- Nickname: 'Moose'
- Born: March 21, 1913 Fort-Coulonge, Quebec
- Died: 10 July 2006 (aged 93)
- Allegiance: Canada
- Branch: Royal Canadian Air Force
- Service years: 1940 – 1946
- Rank: Wing Commander
- Service number: C1352
- Conflicts: World War II
- Awards: Distinguished Flying Cross & Bar; Air Force Cross;

= Robert Fumerton =

Canadian Air Force pilot (1913–2006)

Wing Commander Robert Carl 'Moose' Fumerton (21 March 1913 – 10 July 2006) was the top scoring Canadian night-fighter flying ace during World War II.

==Early life==
Robert Fumerton was born on 20 March 1913 in Fort-Coulonge in Quebec, Canada. The son of a storekeeper, he attended Shawville High School (now Pontiac High School) in Shawville, Quebec. Initially employed as a timber worker, he contracted diphtheria. He then spent seven years in the North-West Territories and the Yukon surveying, mapping, and gold prospecting.

==Service career==
In 1938 he obtained a pilot's licence and when war broke out he volunteered to be a pilot with the Royal Canadian Air Force (RCAF). Fumerton graduated as a pilot in July 1940 and arrived in England in August 1940 with No. 112 Squadron, flying the Westland Lysander. Fighter Command was so short of fighter pilots that he joined No. 32 Squadron, flying Hawker Hurricane fighters.

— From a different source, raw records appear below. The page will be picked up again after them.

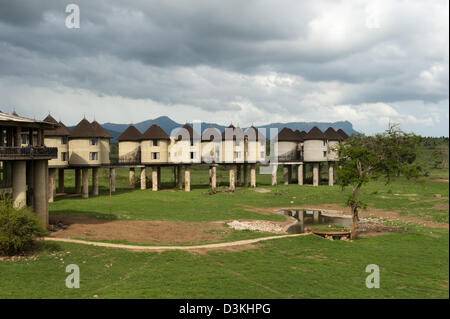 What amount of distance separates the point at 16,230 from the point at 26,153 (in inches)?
317

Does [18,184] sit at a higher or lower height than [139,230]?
higher

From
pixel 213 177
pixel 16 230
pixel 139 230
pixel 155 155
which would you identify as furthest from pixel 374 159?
pixel 155 155

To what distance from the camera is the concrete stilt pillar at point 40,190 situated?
29266 mm

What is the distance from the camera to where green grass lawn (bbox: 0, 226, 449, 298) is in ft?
53.9

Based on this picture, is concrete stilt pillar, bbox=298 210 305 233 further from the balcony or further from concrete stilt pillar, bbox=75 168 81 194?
concrete stilt pillar, bbox=75 168 81 194

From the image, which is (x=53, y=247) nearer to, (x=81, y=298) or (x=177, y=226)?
(x=81, y=298)

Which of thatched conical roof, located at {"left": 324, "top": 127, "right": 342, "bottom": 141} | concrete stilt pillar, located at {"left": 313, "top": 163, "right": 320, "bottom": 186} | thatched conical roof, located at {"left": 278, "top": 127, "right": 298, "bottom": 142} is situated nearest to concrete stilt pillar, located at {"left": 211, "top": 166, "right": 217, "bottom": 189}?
thatched conical roof, located at {"left": 278, "top": 127, "right": 298, "bottom": 142}

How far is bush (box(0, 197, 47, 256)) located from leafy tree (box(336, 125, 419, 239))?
23.5 metres

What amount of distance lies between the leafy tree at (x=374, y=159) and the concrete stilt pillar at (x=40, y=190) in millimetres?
24807

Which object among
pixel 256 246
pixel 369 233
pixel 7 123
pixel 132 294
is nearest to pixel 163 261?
pixel 132 294

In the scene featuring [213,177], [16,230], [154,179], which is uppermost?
[213,177]

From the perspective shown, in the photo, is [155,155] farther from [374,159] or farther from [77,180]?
[374,159]

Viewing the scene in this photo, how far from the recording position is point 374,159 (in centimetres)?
2950

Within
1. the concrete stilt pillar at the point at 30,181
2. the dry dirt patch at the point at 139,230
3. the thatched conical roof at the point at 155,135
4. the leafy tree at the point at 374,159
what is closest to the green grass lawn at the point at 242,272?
the dry dirt patch at the point at 139,230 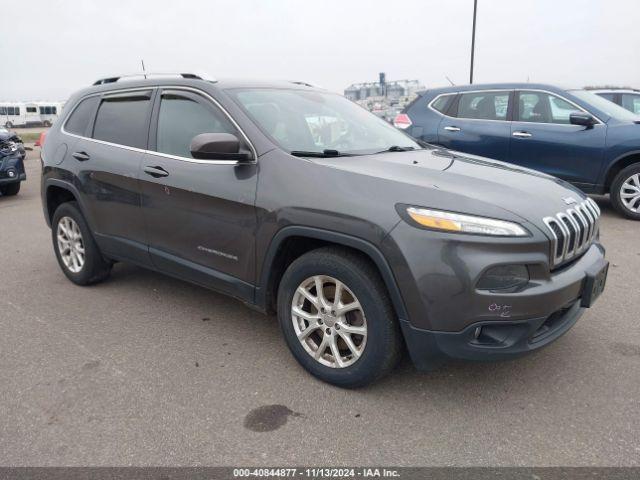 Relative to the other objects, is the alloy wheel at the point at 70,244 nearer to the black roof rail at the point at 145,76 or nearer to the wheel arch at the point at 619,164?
the black roof rail at the point at 145,76

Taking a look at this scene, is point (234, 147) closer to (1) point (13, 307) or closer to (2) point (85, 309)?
(2) point (85, 309)

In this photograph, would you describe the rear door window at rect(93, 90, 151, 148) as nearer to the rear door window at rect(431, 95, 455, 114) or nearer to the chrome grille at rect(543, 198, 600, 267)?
the chrome grille at rect(543, 198, 600, 267)

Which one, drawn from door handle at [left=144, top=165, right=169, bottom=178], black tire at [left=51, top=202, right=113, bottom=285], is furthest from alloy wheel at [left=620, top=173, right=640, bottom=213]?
black tire at [left=51, top=202, right=113, bottom=285]

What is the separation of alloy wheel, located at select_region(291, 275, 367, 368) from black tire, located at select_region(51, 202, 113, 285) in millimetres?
2252

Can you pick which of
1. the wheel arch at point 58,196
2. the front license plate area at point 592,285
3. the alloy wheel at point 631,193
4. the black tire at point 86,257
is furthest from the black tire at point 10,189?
the front license plate area at point 592,285

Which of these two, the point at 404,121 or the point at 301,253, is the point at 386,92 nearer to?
the point at 404,121

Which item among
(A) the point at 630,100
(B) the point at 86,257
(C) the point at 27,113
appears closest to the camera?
(B) the point at 86,257

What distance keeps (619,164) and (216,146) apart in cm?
581

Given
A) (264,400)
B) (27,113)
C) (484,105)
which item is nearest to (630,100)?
(484,105)

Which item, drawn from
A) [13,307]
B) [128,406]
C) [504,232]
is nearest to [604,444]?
[504,232]

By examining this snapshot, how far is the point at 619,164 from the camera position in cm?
689

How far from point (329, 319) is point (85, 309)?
7.45ft

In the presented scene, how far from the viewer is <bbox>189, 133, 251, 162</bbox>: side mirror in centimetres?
305

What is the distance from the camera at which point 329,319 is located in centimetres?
294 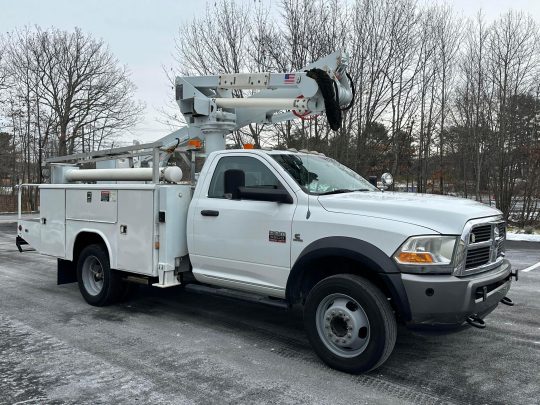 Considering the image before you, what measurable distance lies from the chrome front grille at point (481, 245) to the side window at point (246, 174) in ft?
6.19

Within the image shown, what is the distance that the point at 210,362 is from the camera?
462 centimetres

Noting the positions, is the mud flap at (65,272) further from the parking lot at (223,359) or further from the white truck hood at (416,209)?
the white truck hood at (416,209)

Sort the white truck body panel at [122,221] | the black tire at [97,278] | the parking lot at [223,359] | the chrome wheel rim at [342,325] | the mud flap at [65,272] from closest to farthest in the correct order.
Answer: the parking lot at [223,359] < the chrome wheel rim at [342,325] < the white truck body panel at [122,221] < the black tire at [97,278] < the mud flap at [65,272]

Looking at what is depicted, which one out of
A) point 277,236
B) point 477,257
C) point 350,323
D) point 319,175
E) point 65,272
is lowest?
point 65,272

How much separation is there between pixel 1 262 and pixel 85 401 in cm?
833

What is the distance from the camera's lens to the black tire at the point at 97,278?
21.6 feet

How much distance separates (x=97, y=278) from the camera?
693cm

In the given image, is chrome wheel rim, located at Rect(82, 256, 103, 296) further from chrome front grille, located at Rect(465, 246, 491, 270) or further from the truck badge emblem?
chrome front grille, located at Rect(465, 246, 491, 270)

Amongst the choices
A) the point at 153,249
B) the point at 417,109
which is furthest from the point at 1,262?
the point at 417,109

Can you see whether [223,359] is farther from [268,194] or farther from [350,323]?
[268,194]

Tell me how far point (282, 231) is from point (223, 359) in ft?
4.46

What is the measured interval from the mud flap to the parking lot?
1.91ft

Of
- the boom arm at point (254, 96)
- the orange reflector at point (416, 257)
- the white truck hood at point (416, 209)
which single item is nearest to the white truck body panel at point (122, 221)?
the boom arm at point (254, 96)

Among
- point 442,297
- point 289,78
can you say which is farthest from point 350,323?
point 289,78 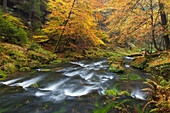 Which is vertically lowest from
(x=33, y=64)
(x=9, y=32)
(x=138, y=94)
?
(x=138, y=94)

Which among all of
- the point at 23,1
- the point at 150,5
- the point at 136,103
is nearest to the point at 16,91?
the point at 136,103

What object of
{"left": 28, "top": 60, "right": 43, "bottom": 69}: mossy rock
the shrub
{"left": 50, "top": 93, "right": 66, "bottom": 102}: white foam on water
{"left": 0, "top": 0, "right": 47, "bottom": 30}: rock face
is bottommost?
{"left": 50, "top": 93, "right": 66, "bottom": 102}: white foam on water

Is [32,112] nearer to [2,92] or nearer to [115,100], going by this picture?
[2,92]

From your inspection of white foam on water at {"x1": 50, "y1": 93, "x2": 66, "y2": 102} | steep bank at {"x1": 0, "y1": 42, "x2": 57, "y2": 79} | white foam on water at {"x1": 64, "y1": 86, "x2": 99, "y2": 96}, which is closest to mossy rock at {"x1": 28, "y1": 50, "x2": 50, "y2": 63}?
steep bank at {"x1": 0, "y1": 42, "x2": 57, "y2": 79}

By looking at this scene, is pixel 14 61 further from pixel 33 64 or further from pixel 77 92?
pixel 77 92

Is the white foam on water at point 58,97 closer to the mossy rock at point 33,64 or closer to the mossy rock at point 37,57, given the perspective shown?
the mossy rock at point 33,64

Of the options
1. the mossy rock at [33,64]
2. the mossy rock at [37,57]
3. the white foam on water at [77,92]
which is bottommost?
the white foam on water at [77,92]

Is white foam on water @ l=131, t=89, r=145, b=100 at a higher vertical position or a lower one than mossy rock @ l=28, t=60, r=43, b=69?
lower

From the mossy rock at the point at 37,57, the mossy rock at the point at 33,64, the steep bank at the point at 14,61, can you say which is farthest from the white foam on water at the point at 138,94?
the mossy rock at the point at 37,57

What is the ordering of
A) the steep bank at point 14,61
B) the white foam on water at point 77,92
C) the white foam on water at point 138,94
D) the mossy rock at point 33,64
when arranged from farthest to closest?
the mossy rock at point 33,64 → the steep bank at point 14,61 → the white foam on water at point 77,92 → the white foam on water at point 138,94

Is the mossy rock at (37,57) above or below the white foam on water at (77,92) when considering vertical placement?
above

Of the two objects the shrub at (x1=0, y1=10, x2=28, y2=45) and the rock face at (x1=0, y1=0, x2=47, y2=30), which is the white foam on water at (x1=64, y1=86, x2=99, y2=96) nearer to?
the shrub at (x1=0, y1=10, x2=28, y2=45)

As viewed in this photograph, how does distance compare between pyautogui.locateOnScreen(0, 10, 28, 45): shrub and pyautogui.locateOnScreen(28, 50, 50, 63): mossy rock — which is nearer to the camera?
pyautogui.locateOnScreen(0, 10, 28, 45): shrub

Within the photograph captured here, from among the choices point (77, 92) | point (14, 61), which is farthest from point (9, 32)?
point (77, 92)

After the battle ended Fumerton moved to No. 1 Squadron. In June 1941 he transferred to night fighting duties and joined the newly formed No 406 (RCAF) Squadron, based in Northumberland.

He then joined No. 89 Squadron in October 1941, flying night operations over Egypt and later Malta in June 1942. With his observer Sgt. Pat Bing, Fumerton became the island's top-scoring night fighter pilot, claiming nine victories by the end of August 1941.

His first success over Malta came on the night of 24 June, an Italian bomber, before returning to refuel and rearm. Just before dawn he destroyed another bomber. Four nights later he accounted for two Junkers Ju 88s. On July 1 he downed a Ju 88, and the following night he shot down another near Gozo. On July 28 he shot down another Ju 88.

On the night of 10 August, when taking off to attack a force of incoming bombers both his engines failed. He and Bing were forced to bail out over the sea, spending several hours in their dinghies before being rescued next morning by an air-sea rescue launch.

On 27 March 1942, Fumerton's award of the Distinguished Flying Cross was announced. The citation, published in The London Gazette, read:

One night in March, 1942, this officer engaged a Heinkel in during an enemy air raid over the Suez Canal zone. Observing the enemy aircraft in the moonlight, Flying Officer Fumerton delivered a good burst and, although he was wounded and his aircraft damaged by the enemy's return fire, he continued the attack and set the bomber on fire. Although the undercarriage of his aircraft had been put out of action Flying Officer Fumerton made a safe landing The raiding aircraft descended on to the sea, its crew being captured.
— London Gazette, No. 35502, 27 March 1942.

Fumerton was awarded a Bar to his DFC in July. the published citation read:

Flying Officer Fumerton is a most tenacious and skilful pilot. One night in June, 1942, he destroyed 2 enemy bombers during one flight and repeated this achievement a few nights later. His determination to destroy the enemy at all costs is outstanding. Since the beginning of June, 1942, 7 enemy aircraft have been destroyed at night by Flying Officer Fumerton.
— London Gazette, No. 35638, 21 July 1942.

He spent the first six months of 1943 in Canada, before returning to No. 406 Squadron RAF in August 1943. He returned, tour-expired, to Canada on 11 August 1944.

Fumerton ended the war credited with the destruction of 14 aircraft, the highest tally among RCAF night fighter aces.

==Later career==
In the 1946 New Year Honours, he was awarded an Air Force Cross for service as Commanding Officer of No. 7 OTU (Operational Training Unit) at Debert, Nova Scotia. He left the RCAF in 1946, and Fumerton returned to mining. In 1948 he went to Hangkow to train Chinese pilots and organise the formation of squadrons for General Chiang Kai-shek's Chinese Nationalist Air Force. He returned to Canada a year later and became an estate agent. He died on 10 July 2006 at an aged care facility in Huntsville, Ontario. He was survived by five children; his wife, who he had married in 1946, had predeceased him by two years.